The Post: In Iraq, there’s been a steady stream of surprises. We weren’t welcomed as liberators, as Vice President Cheney had talked about. We haven’t found the weapons of mass destruction as predicted. The postwar process hasn’t gone as well as some had hoped. Why hasn’t anyone been held accountable, either through firings or demotions, for what some people see as mistakes or misjudgments?

PRESIDENT BUSH: Well, we had an accountability moment, and that’s called the 2004 election. And the American people listened to different assessments made about what was taking place in Iraq, and they looked at the two candidates, and chose me, for which I’m grateful.

Accountability is an ongoing state in the pursuit of ethical conduct. The concept that there can be an “accountability moment,” after which no accountability remains is frankly bizarre. We are all accountable for our actions at all times, and those whose decisions are made under the public’s trust, involving the use of public resources, the risk of lives, and the welfare of the nation, have to meet an especially strong standard of accountability. The absence of accountability encourages recklessness, arrogance, lack of care and irresponsibility. No organization, government, or individual can be ethical, or trusted to be ethical, without a commitment to accountability.

Bush’s statement is so off-key for someone in a leadership position that one is tempted to make excuses for it. What could the comment possibly mean that wouldn’t justify inspiring alarm in an American citizen? Perhaps the President is equating accountability with punishment, and is saying that having made the decision himself not to fire individuals who had made serious mistakes and miscalculations related to the Iraq conflict, the public had one final shot at firing them and their boss too, and passed on it.

OK…it certainly isn’t the most perceptive analysis of the election imaginable, or even a very coherent one, but at least it doesn’t mean that the President of the United States believes that those in power only face accountability at the ballot box, and the rest of time can make wrong, hasty, ill-considered or stupid decisions willy-nilly without personal or professional risk. We must hope that at some level not revealed by leaks to Seymour Hersh, the President has subjected Donald Rumsfeld and the military high command to accountability for the prisoner abuse situation; that George Tenet did receive something more unpleasant than the Medal of Freedom for providing such miserable intelligence regarding Iraqi weapons; and that all of the other administration officials, appointees and staff-members who committed botches, indiscretions, blunders, misstatements, errors and outrages have had to face the music and acknowledge their failures internally. We know very few of them have been fired or forced to resign, but there are other ways of being held accountable.

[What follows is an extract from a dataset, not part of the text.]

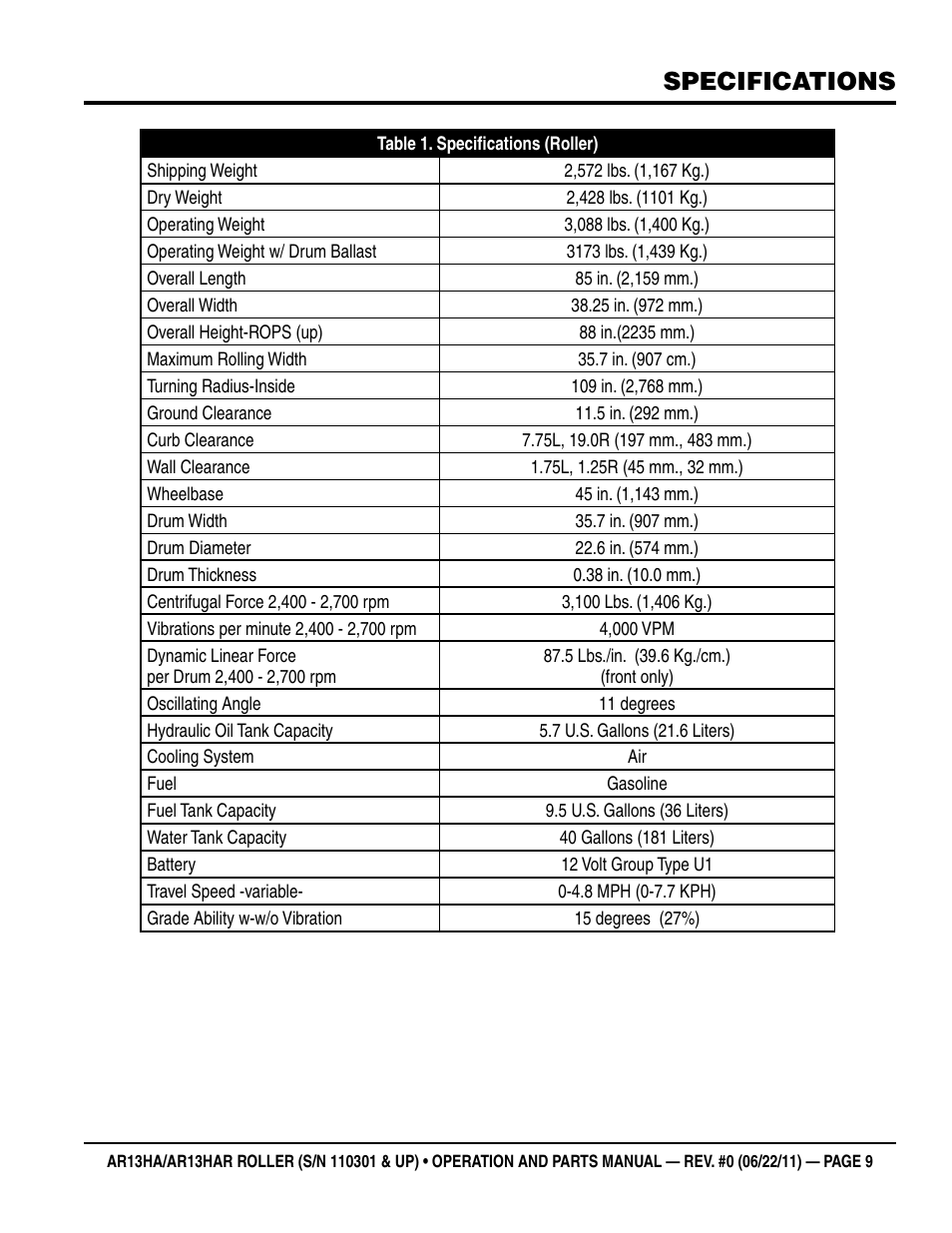 Specifications | Multiquip AR13HAR User Manual | Page 9 / 82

We must hope, but we must also demand. Being put in a position of having to hope that one’s national leader is being characteristically inarticulate rather than expressing a chillingly irresponsible theory of governance is unacceptable. Mr. Bush, and everybody who works for him, had better see themselves as accountable if they are going to continue to work for us. For that is what trust, one of the cornerstones of ethics, is based upon…the belief that people will do the right thing on our behalf because that is their duty, not because we are in a position to punish them for doing otherwise. Democracy, and America’s representative system of government requires trust. Trust requires that leaders hold themselves accountable, election or not.

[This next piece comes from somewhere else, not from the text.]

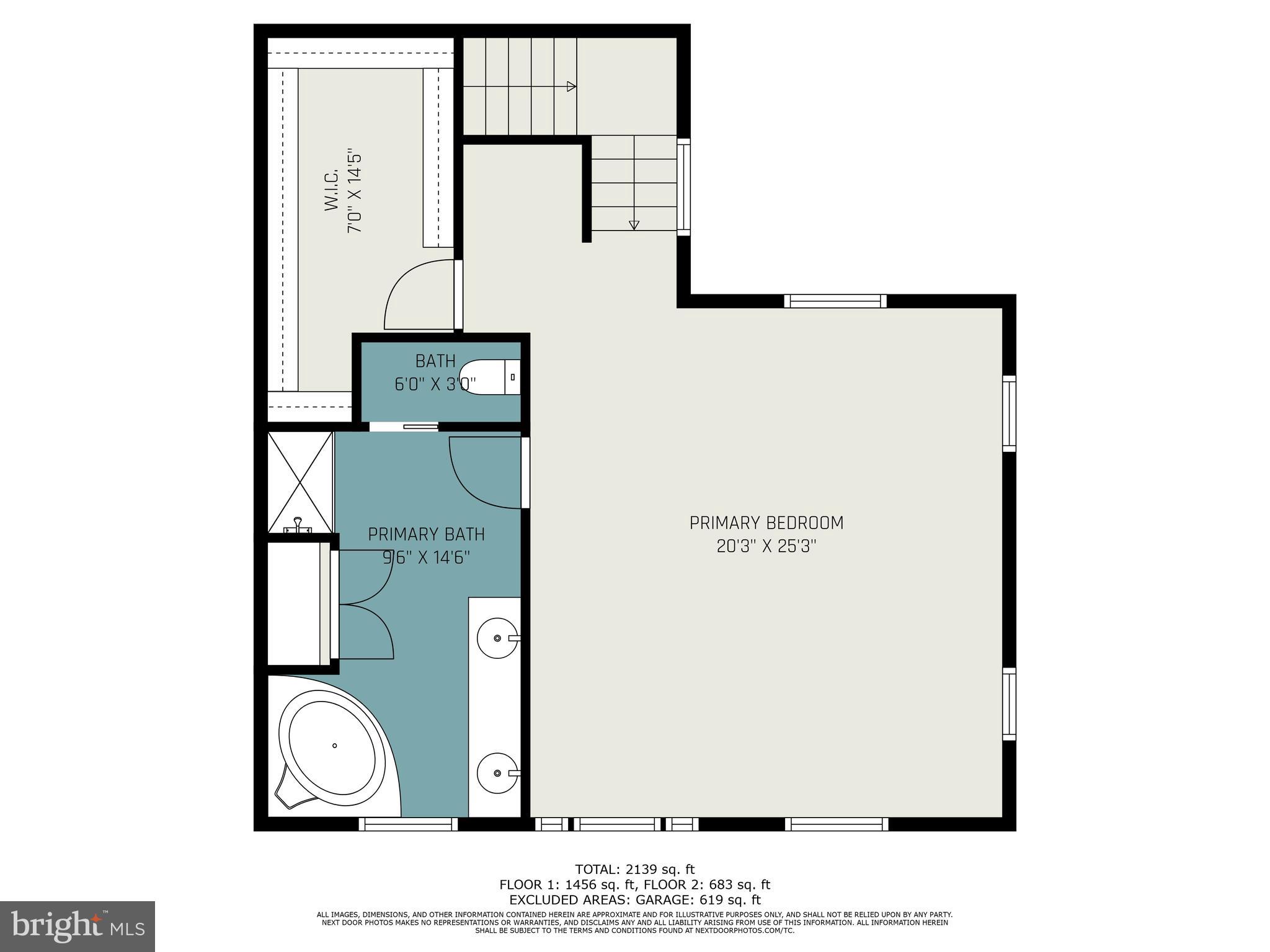 STONEWALL ESTATES - Residential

In a democratically elected government, the “moment of accountability” is always. There is ample precedent for us to conclude that President Bush’s statement to the Post was a verbal misfire of a half-baked thought. But if the President of the United States was really foreswearing accountability, the most rabid and vociferous Bush-bashers are owed sincere apologies from every quarter, and we are on notice that a rogue government has broken out in Washington.